_TASK ITEM_:
Each record must be copied in full and unchanged; any image it holds is excluded.

_DATA_:
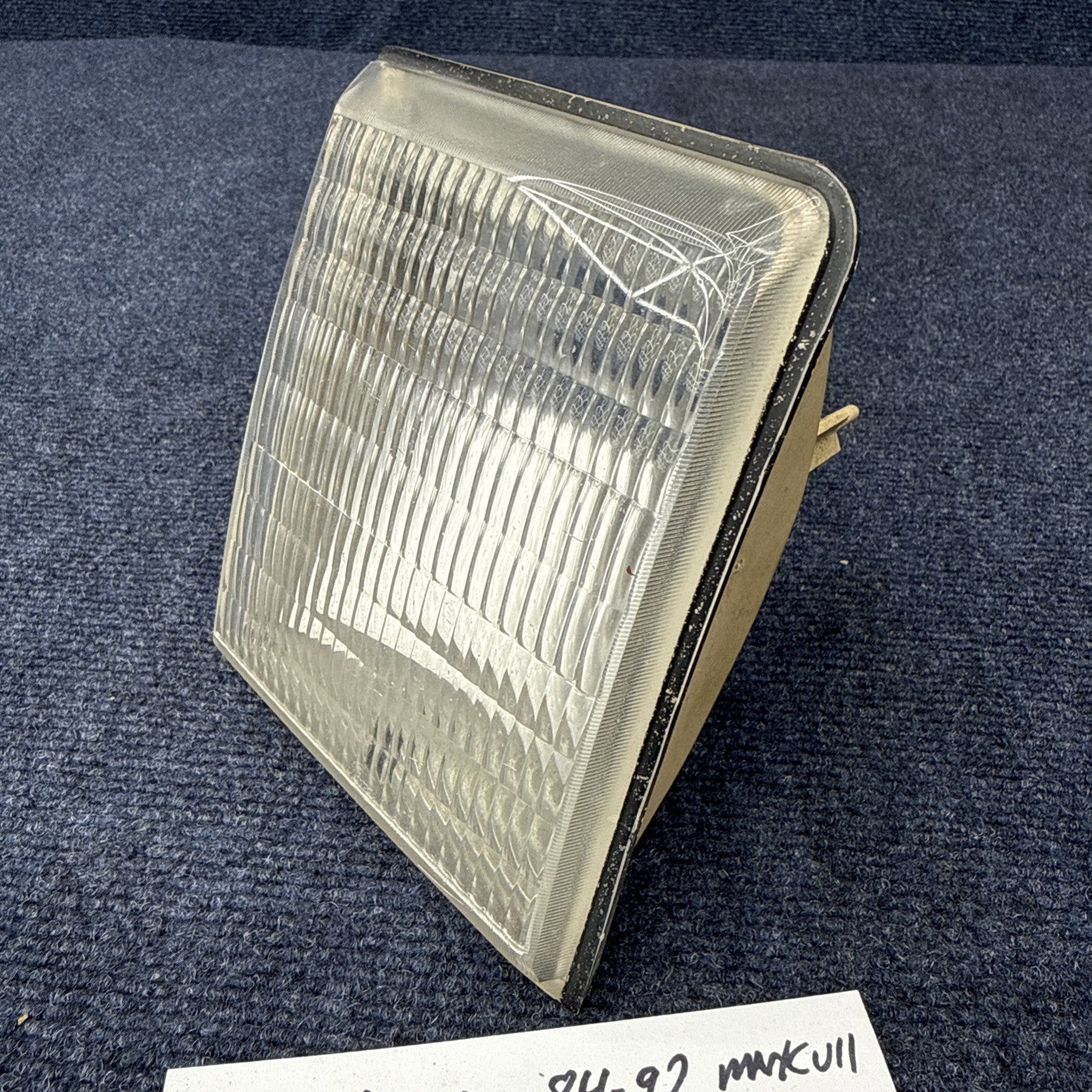Ford E4LY-13201-B Front Inner Parking Lamp  84-92 Lincoln Mark VII Rh Light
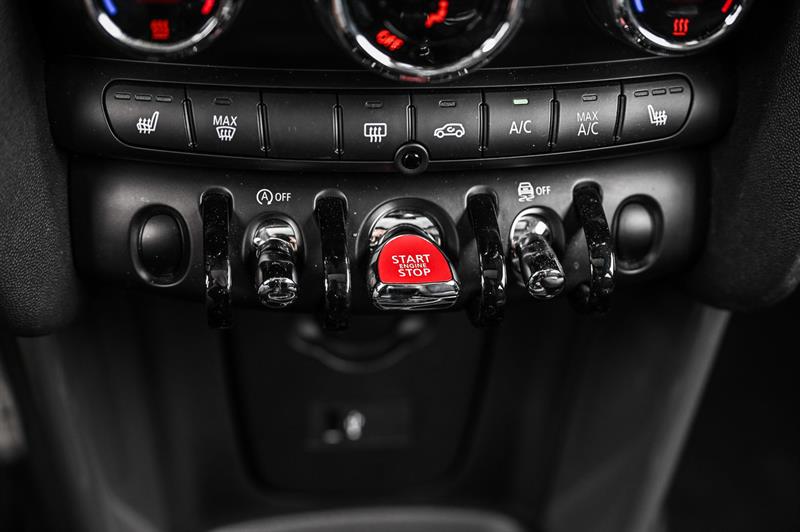 mini 3 Door 2021 - 15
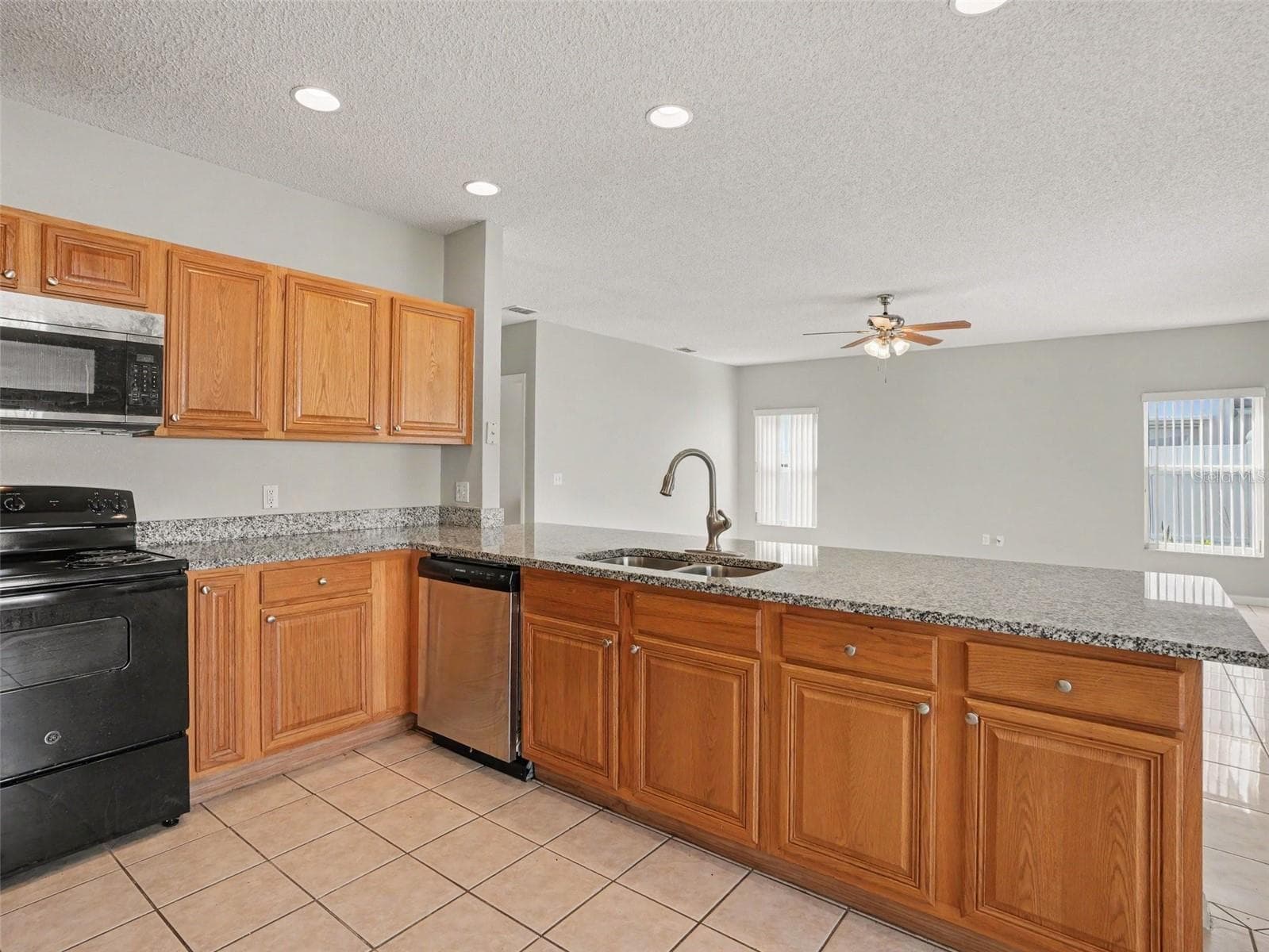 Single Family Residence at 4568 FICUS TREE RD, KISSIMMEE, photo 14 of 31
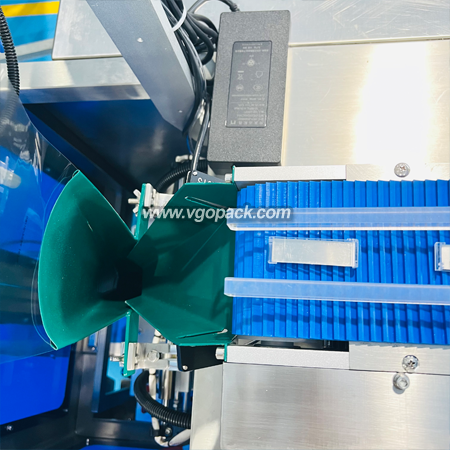 Semi Automatic Packing Machine with Manual Feeding Belt-Laboratory Consumables (7)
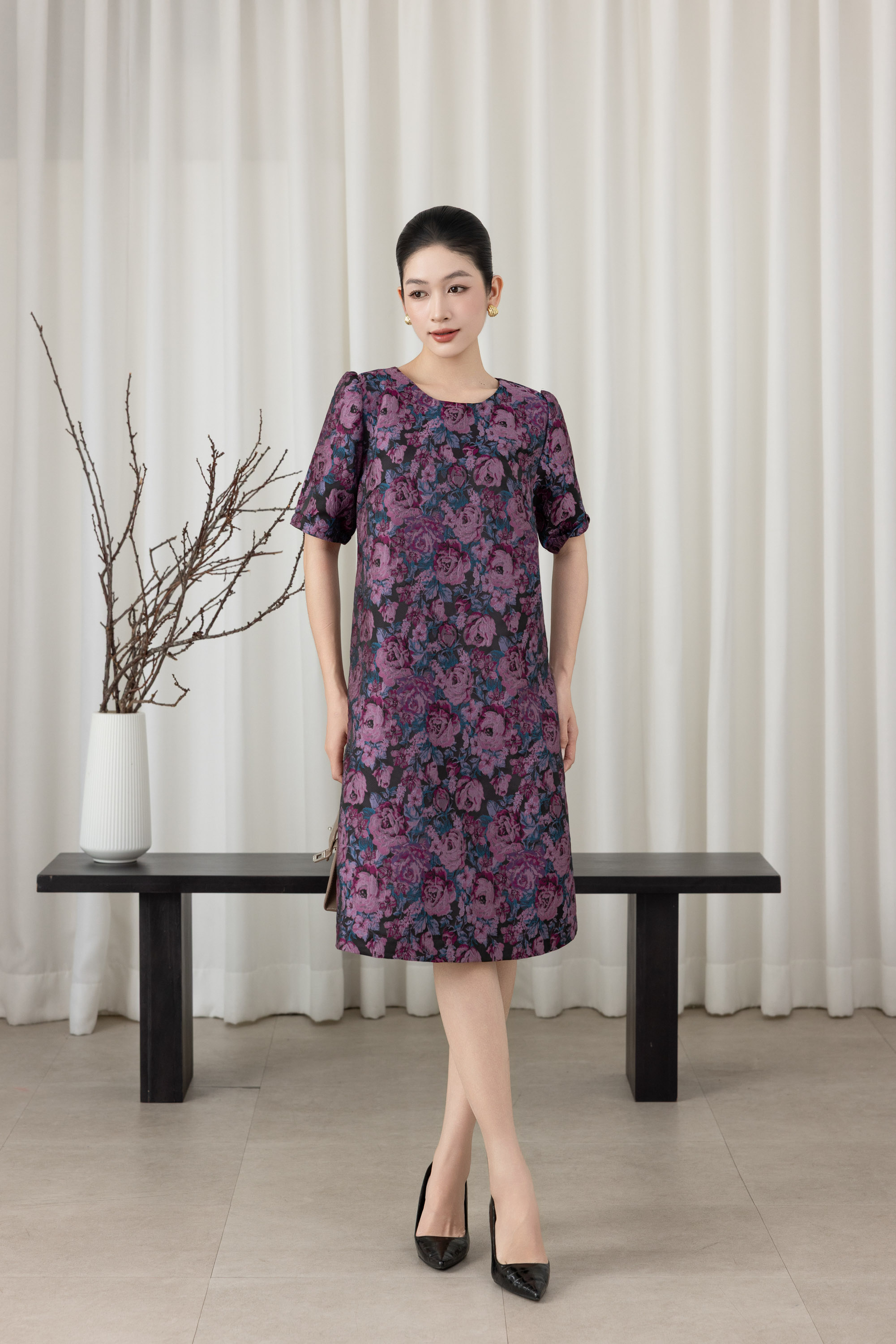 SWANLAKE | Váy Đầm Nữ Midi Cổ Tròn Tay Ngắn Vải Gấm Hoa Có Túi Sang Trọng Đi Tiệc Công Sở D13266LW02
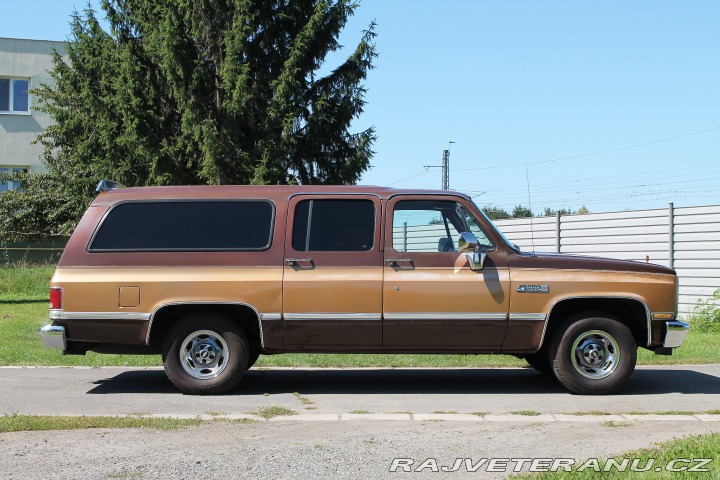 GMC Suburban Sierra Classic 1500 1988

_ANSWER TO THE PROBLEM_:
Ford E4LY-13201-B Front Inner Parking Lamp  84-92 Lincoln Mark VII Rh Light
 mini 3 Door 2021 - 15
 Single Family Residence at 4568 FICUS TREE RD, KISSIMMEE, photo 14 of 31
 Semi Automatic Packing Machine with Manual Feeding Belt-Laboratory Consumables (7)
 SWANLAKE | Váy Đầm Nữ Midi Cổ Tròn Tay Ngắn Vải Gấm Hoa Có Túi Sang Trọng Đi Tiệc Công Sở D13266LW02
 GMC Suburban Sierra Classic 1500 1988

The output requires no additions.